● Material provided
▬▬▬
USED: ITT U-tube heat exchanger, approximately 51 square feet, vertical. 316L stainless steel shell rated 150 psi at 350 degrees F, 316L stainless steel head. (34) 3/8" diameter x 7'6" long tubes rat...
▬▬▬
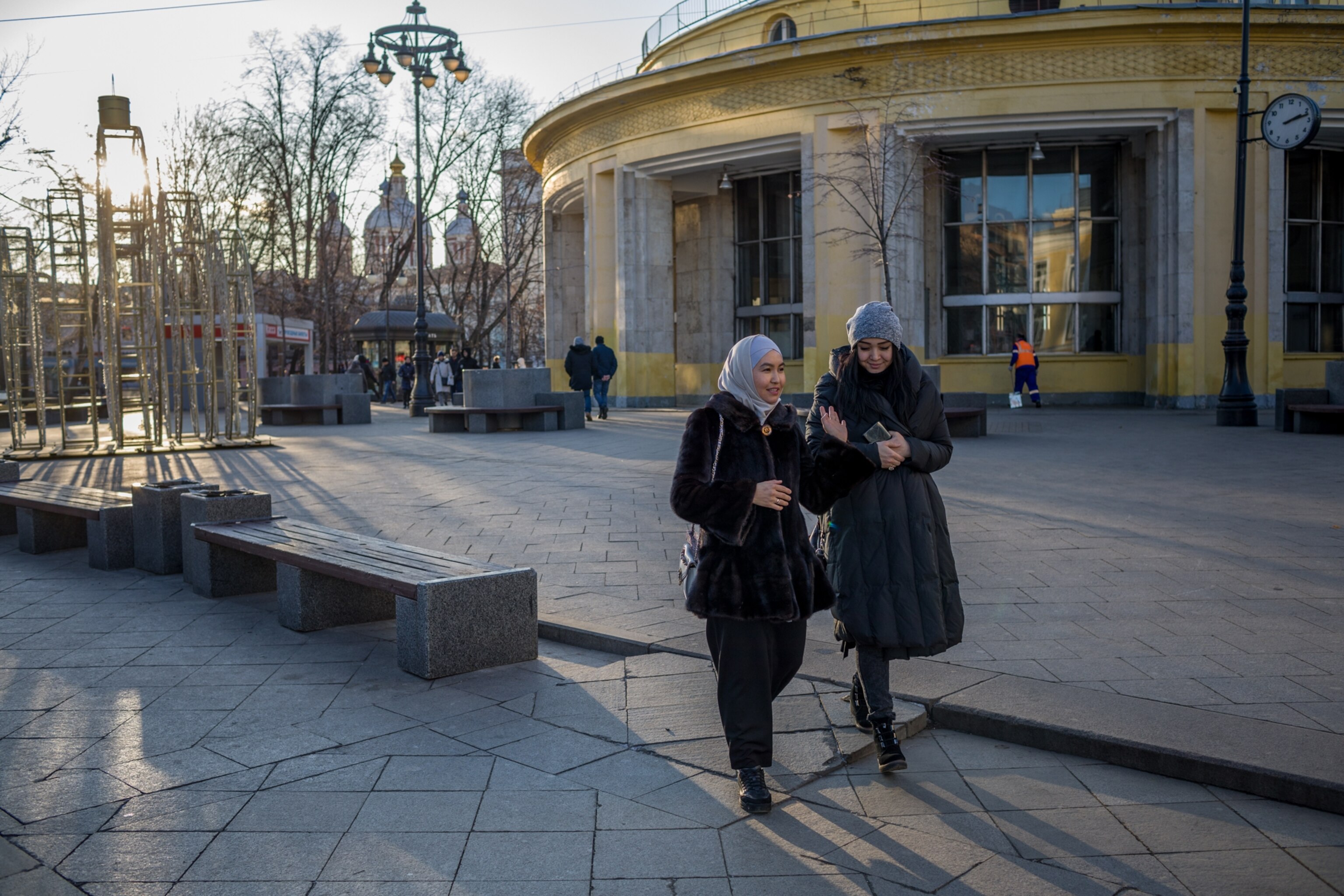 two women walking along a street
▬▬▬
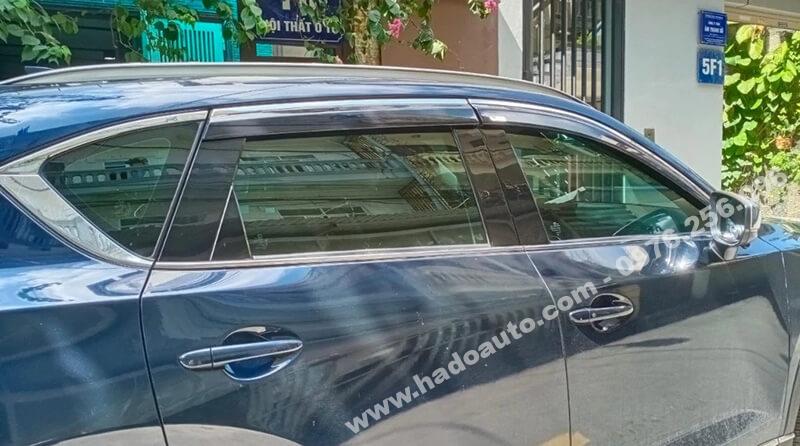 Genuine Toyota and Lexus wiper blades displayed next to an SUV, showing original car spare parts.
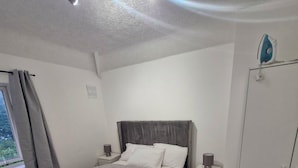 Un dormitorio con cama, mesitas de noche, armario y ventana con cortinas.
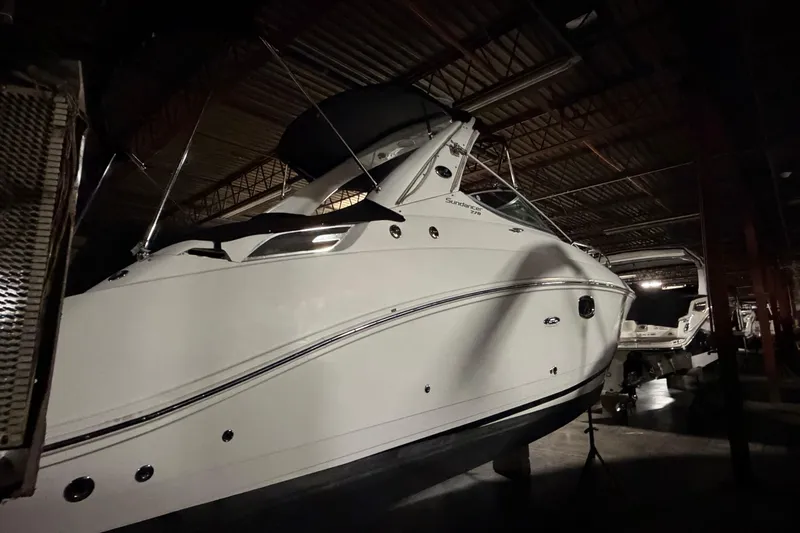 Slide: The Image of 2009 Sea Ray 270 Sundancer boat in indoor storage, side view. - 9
▬▬▬
Above are the records. Copy only the lines from the one with "Genuine Toyota and" through the one with "Slide: The Image", exactly, with no pictures.

● The answer
 Genuine Toyota and Lexus wiper blades displayed next to an SUV, showing original car spare parts.
 Un dormitorio con cama, mesitas de noche, armario y ventana con cortinas.
 Slide: The Image of 2009 Sea Ray 270 Sundancer boat in indoor storage, side view. - 9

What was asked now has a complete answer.